Obbligare i credenti a comportarsi etsi Deus non daretur e, pertanto, a non menzionare la corrispondenza tra la razionalità e l'origine ultimamente divina di una determinata prescrizione (norma), non è un prezzo troppo alto per vivere in società? Soprattutto siamo sicuri che non tolga qualcosa di positivo alla società? Così non è possibile escludere, almeno in linea di principio, che la motivazione religiosa possa essere importata nell'ambito pubblico.
È ormai un dato consolidato che l'emarginazione della religione dalla sfera sociale non è accettabile da quelle culture non europee in cui la religione è essenzialmente un fatto pubblico. In questo senso a rendere obsolete le soluzioni moderne del rapporto religione-politica è proprio l'emergenza storica del talora violento processo - sottolineo il termine "processo" - di meticciato di civiltà e culture.

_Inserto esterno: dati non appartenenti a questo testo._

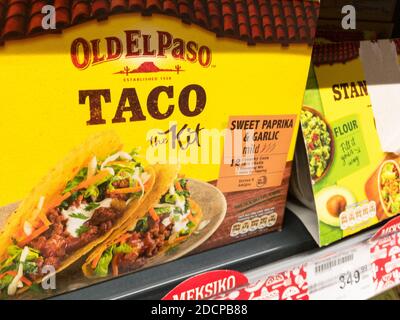 BELGRADE, SERBIA - OCTOBER 30, 2020: Old El Paso logo on taco kit boxes for sale in Belgrade. Old el paso is an american brand from general mills spec Stock Photo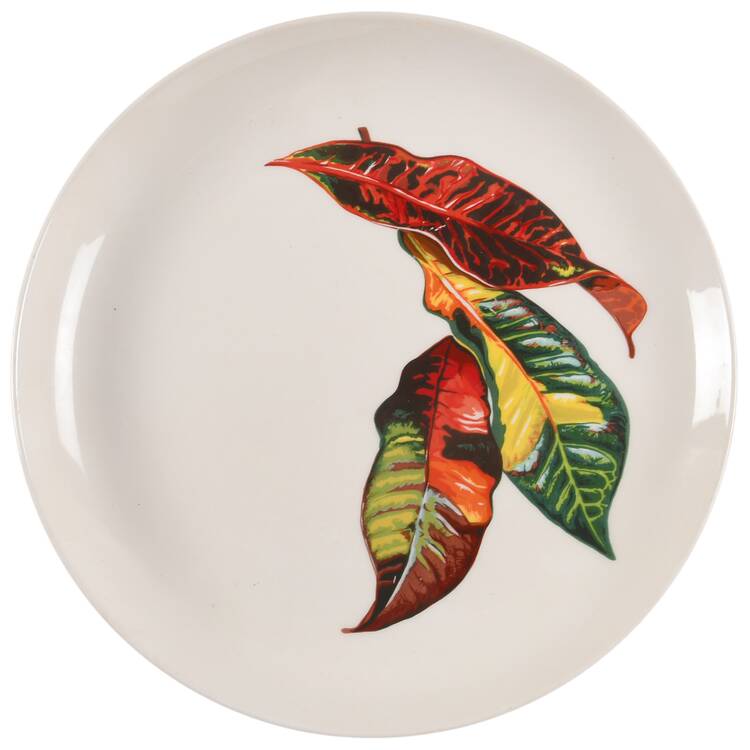 Croton Leaves 12" Chop Plate (Round Platter) by Santa Anita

L'espressione, che si è affacciata timidamente vent'anni fa dal mondo delle scienze antropologiche e che da molti è ancora percepita con apprensione e diffidenza, si rivela, a mio parere, più comprensiva delle categorie di identità ed integrazione.
Quale potrebbe essere allora il nuovo profilo pubblico che l'attuale frangente storico chiede alle religioni, almeno in Occidente? Anzitutto mi pare auspicabile affermare la necessità di una sfera pubblica plurale e religiosamente qualificata, in cui le religioni svolgano un ruolo di soggetto pubblico, ben separato dall'istituzione statuale e ben distinto all'interno dalla stessa società civile.
Il dialogo tra le grandi religioni ha più che mai bisogno di questa nuova fisionomia sociale.
Questo esige che il potere politico, nei confronti delle religioni, passi da un atteggiamento di tolleranza passiva ad un atteggiamento di "attiva apertura", che non riduca la rilevanza pubblica della religione agli spazi concordatari con lo stato. Da parte delle religioni è necessario abbandonare autointerpretazioni di tipo privatistico o fondamentalista per creare il terreno di un interscambio diretto con le altre religioni e le altre culture; uno spazio di dialogo in cui le religioni possono giocare il loro ruolo nel discorso pubblico sui valori di civiltà ed esprimere il loro giudizio storico.